What this task involves:
Return exactly the span of lines in the following data that opens with the line containing "The announcement is" and closes with the line containing "Hi again, this". Include nothing else.

##### Data records

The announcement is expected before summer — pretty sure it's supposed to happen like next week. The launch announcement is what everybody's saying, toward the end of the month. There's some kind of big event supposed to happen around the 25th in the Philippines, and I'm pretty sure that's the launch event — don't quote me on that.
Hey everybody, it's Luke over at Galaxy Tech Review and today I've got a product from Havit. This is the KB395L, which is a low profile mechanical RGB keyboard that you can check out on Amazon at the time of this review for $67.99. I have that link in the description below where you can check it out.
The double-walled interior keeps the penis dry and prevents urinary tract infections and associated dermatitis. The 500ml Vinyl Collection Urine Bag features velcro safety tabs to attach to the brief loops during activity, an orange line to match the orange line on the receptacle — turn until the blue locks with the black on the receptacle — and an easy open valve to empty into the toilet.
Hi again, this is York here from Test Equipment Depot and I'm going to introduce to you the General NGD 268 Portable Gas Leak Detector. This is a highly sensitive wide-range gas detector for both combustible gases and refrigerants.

##########
##### Data records

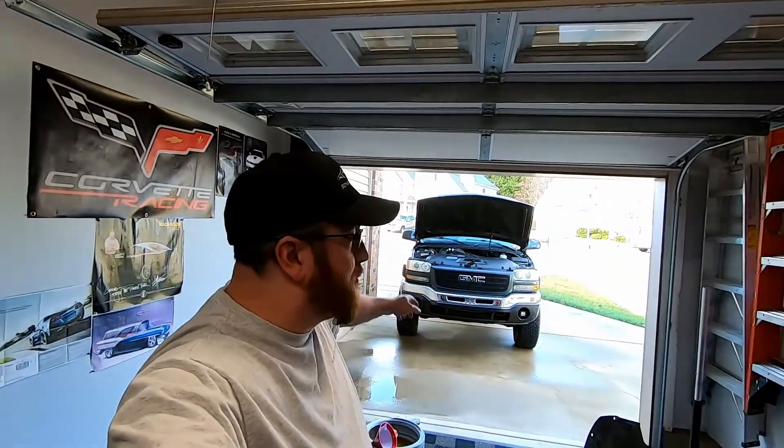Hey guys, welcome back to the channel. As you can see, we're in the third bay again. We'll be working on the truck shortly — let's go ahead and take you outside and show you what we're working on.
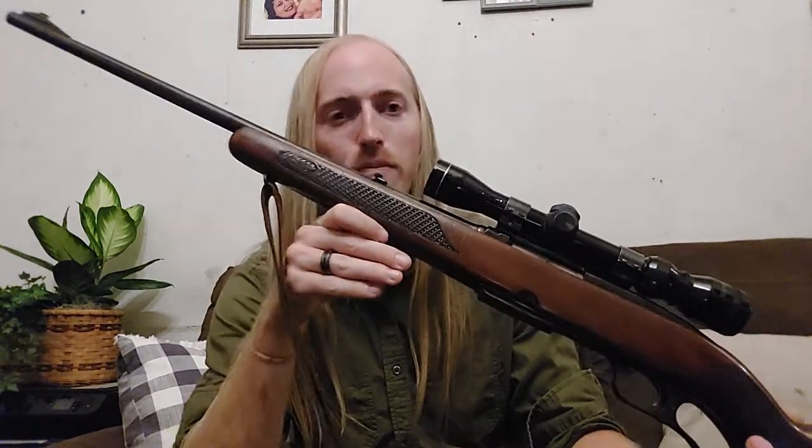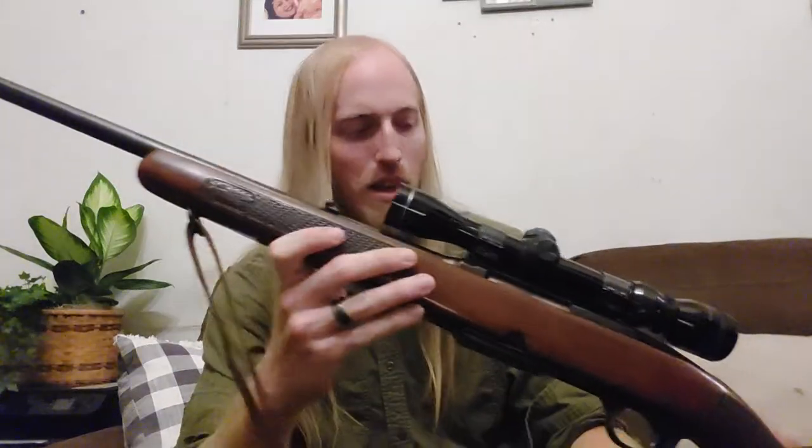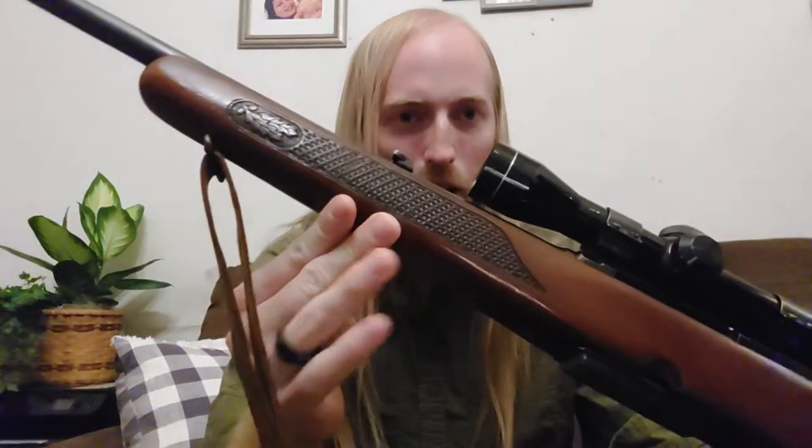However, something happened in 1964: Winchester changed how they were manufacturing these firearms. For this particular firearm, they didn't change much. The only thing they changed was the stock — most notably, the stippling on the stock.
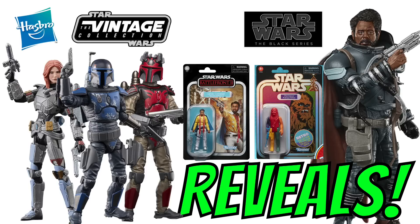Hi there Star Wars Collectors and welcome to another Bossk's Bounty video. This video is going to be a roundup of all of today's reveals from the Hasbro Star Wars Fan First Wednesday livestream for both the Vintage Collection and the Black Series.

##########
##### Data records

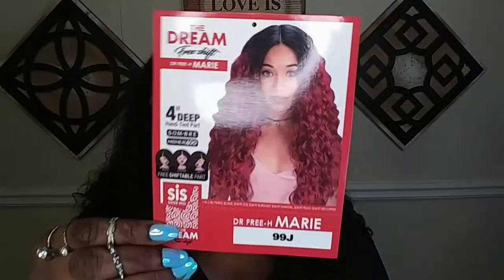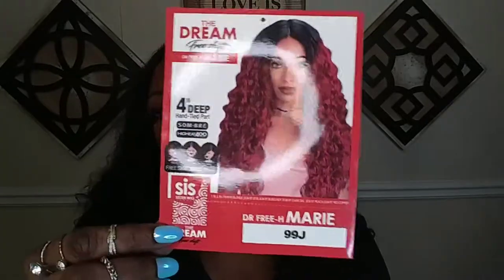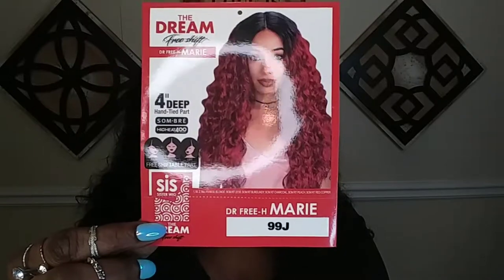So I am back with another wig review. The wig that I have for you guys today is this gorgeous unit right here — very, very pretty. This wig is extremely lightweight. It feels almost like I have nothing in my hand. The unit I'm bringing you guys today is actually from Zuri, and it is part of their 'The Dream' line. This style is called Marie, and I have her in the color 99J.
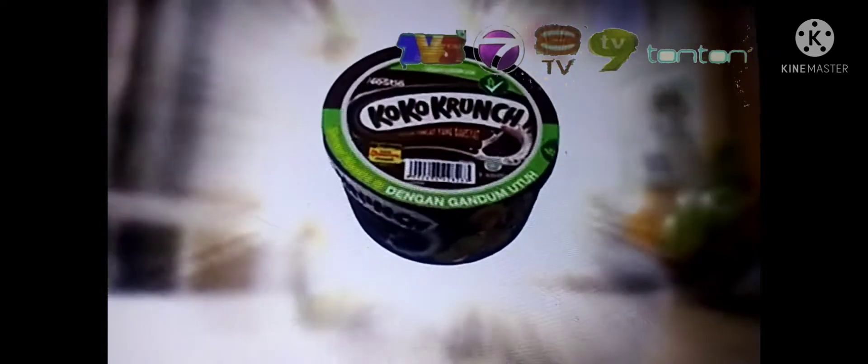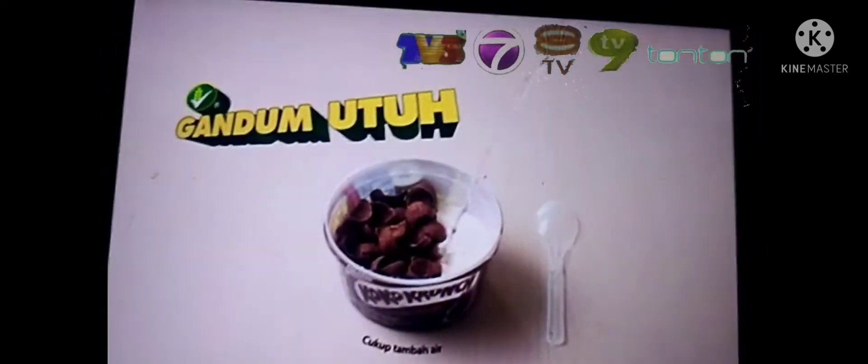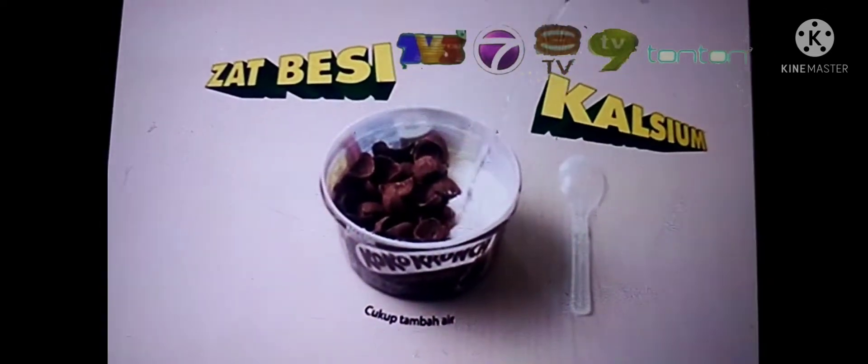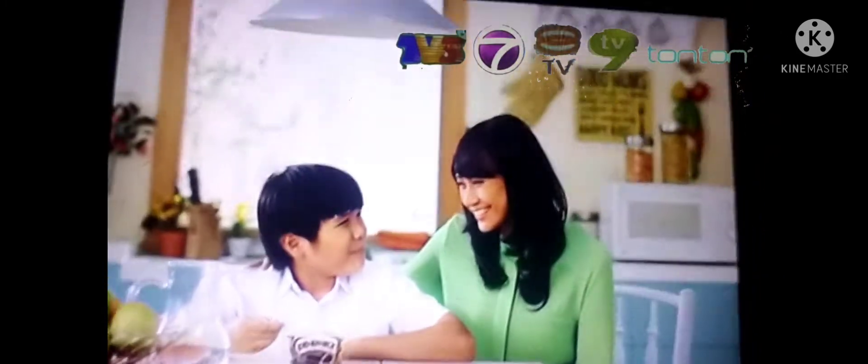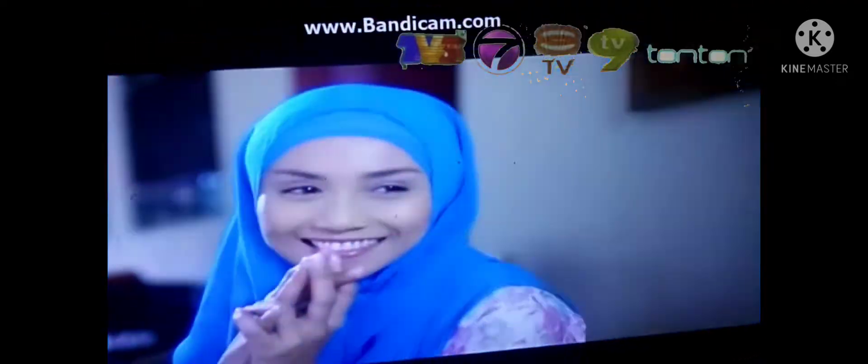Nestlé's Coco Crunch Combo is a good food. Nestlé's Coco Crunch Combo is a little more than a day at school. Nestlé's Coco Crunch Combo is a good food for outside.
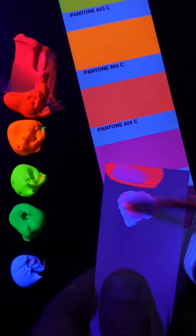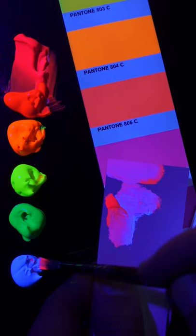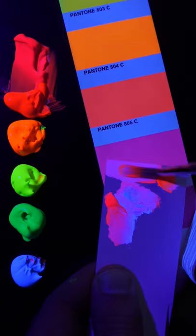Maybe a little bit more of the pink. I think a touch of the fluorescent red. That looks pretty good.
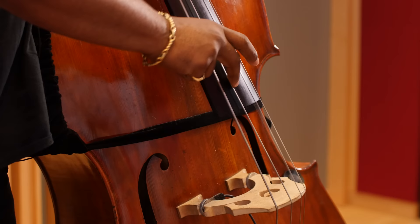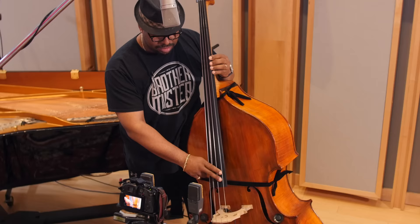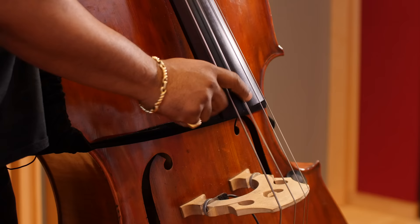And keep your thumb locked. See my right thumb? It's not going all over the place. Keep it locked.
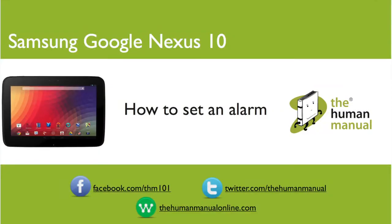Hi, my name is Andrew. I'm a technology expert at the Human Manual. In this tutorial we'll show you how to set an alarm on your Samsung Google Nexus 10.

##########

Expected answer:
The announcement is expected before summer — pretty sure it's supposed to happen like next week. The launch announcement is what everybody's saying, toward the end of the month. There's some kind of big event supposed to happen around the 25th in the Philippines, and I'm pretty sure that's the launch event — don't quote me on that.
Hey everybody, it's Luke over at Galaxy Tech Review and today I've got a product from Havit. This is the KB395L, which is a low profile mechanical RGB keyboard that you can check out on Amazon at the time of this review for $67.99. I have that link in the description below where you can check it out.
The double-walled interior keeps the penis dry and prevents urinary tract infections and associated dermatitis. The 500ml Vinyl Collection Urine Bag features velcro safety tabs to attach to the brief loops during activity, an orange line to match the orange line on the receptacle — turn until the blue locks with the black on the receptacle — and an easy open valve to empty into the toilet.
Hi again, this is York here from Test Equipment Depot and I'm going to introduce to you the General NGD 268 Portable Gas Leak Detector. This is a highly sensitive wide-range gas detector for both combustible gases and refrigerants.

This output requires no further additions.